Die Tarnkappenoptik macht den ASUS ROG G75V Gamer zu einem Hingucker, gerade weil der Hersteller auf gut aufeinander abgestimmte, unauffällige Design-Elemente setzt. Die mattschwarze, gummierte Außenhaut und die schnittige, keilförmige Gestaltung vermitteln, dass es sich um ein teures Gerät handelt. Dieser Eindruck wird von dem silbergrauen Tastaturbett aus Aluminium und den gleichfarbigen Seitenrändern der Basiseinheit noch verstärkt. Die gummierte Handballenauflage wirkt von weitem wie ein Überzug, welcher zehn Zentimeter über die für einen 17-Zoll Gamer erstaunlich schlanke Basiseinheit geschoben wurde. Sehr angenehm finden wir den matten Displayrahmen. Reflexionen haben, wie auch Verschmutzungen, wenig Chance auf den haptisch ansprechenden Oberflächen. Die Verarbeitung der Basiseinheit ist sehr gut, trotz der vielen Bauteile lässt sich das Gehäuse nicht eindellen und die Spaltmaße bleiben gering.
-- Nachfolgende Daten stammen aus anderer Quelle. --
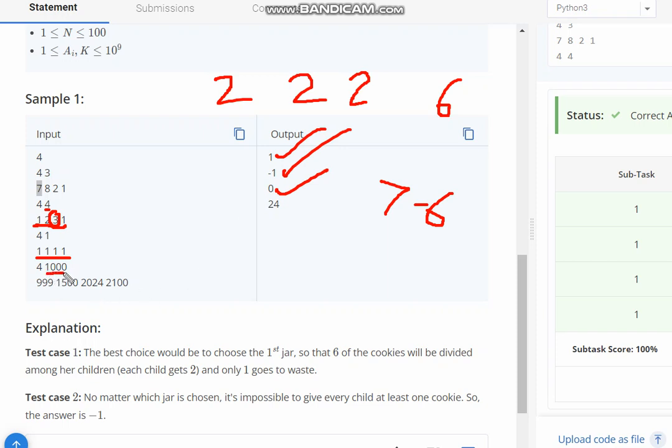In case of 1000 children, you can select any 1 jar where you can distribute the maximum.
Die Scharniere sind im unteren Drittel etwas zu fest angezogen und lassen den Displaydeckel bei Erschütterungen lange Nachwippen. Mit einem Gewicht von 4,3 Kilogramm und den stattlichen Abmessungenvon 41,5 x 32 x 1,7 – 5,2 Zentimetern (Breite x Tiefe x Höhe) fällt das Gaming-Notebook sowieso nicht so mobil aus, als dass es unterwegs auf dem Schoß betrieben würde. Der Deckel lässt sich leicht eindrücken und verwinden – Desktop-Replacement Systeme erfahren derlei groben Umgang allerdings nicht allzu oft.
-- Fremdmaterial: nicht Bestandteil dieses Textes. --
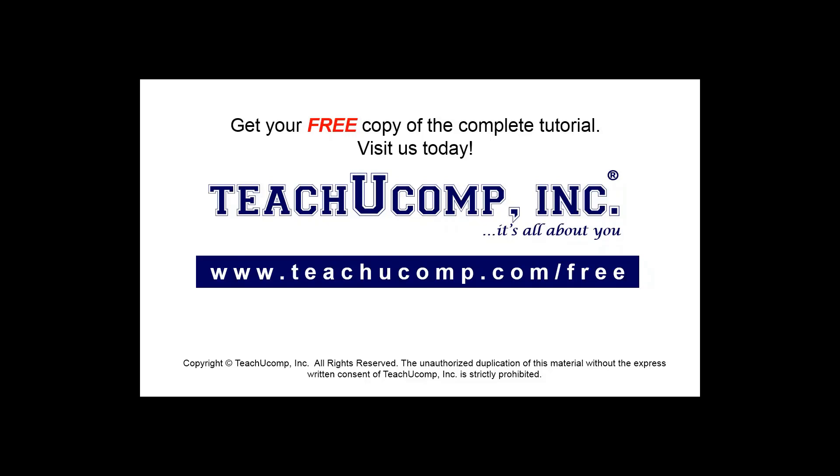Get your free copy of the complete tutorial at www.teachucomp.com forward slash free.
Die ausladende Chiclet-Tastatur genießt eine in drei Stufen regelbare Hintergrundbeleuchtung in Weiß. Die Tasten arbeiten sehr geräuscharm mit kurzem Hub und klarem Druckpunkt. Der Ziffernblock ist deutlich abgegrenzt und auch die Pfeiltasten besitzen einen großen Abstand zu Anliegern. Ergonomisch sinnvoll ist die Tastatur zum Nutzer hin abfallend. Vielschreibern und Gamern wird hier ein gleichermaßen hoher Komfort geboten.Auch das Multitouchpad bietet großzügige Abmessungen, gute Gleiteigenschaften und präzise Navigation. Die zugehörigen Mausersatztasten klicken sehr dumpf und ähnlich geräuscharm. Die Soft-Touch-Oberfläche fühlt sich hochwertig an.

Im Vergleich zum kleinen Bruder, dem ASUS ROG G55VW, finden wir kein erweitertes Anschlussportfolio. Alle vier USB Ports unterstützen den USB 3.0 Standard, für externe Displays gibt es Anschlussmöglichkeiten über HDMI, Mini DisplayPort und VGA. Im ASUS ROG G75VW steckt ein Blu-ray Laufwerk, was die Wiedergabe von HD-Filmen ermöglicht. Via HDMI 1.4 kann unter anderem auch ein 3D-Film auf einen Fernseher übertragen werden. Ein 3-in-1 Multikartenleser und eine 1 MP Webcam ergänzen die Ausstattung. Die Kopfhörerbuchse neben dem Mikrofonanschluss beherrscht auch die Ausgabe von digitalen Audiosignalen über S/PDIF. Die Kommunikation läuft über Gigabit-LAN, WLAN und Bluetooth. Wer das Gerät zuhause mit Peripherie vollfrachtet, muss mit seiner Maus auf der rechten Gehäuseseite durch die seitliche angebrachten Ports etwas Abstand halten.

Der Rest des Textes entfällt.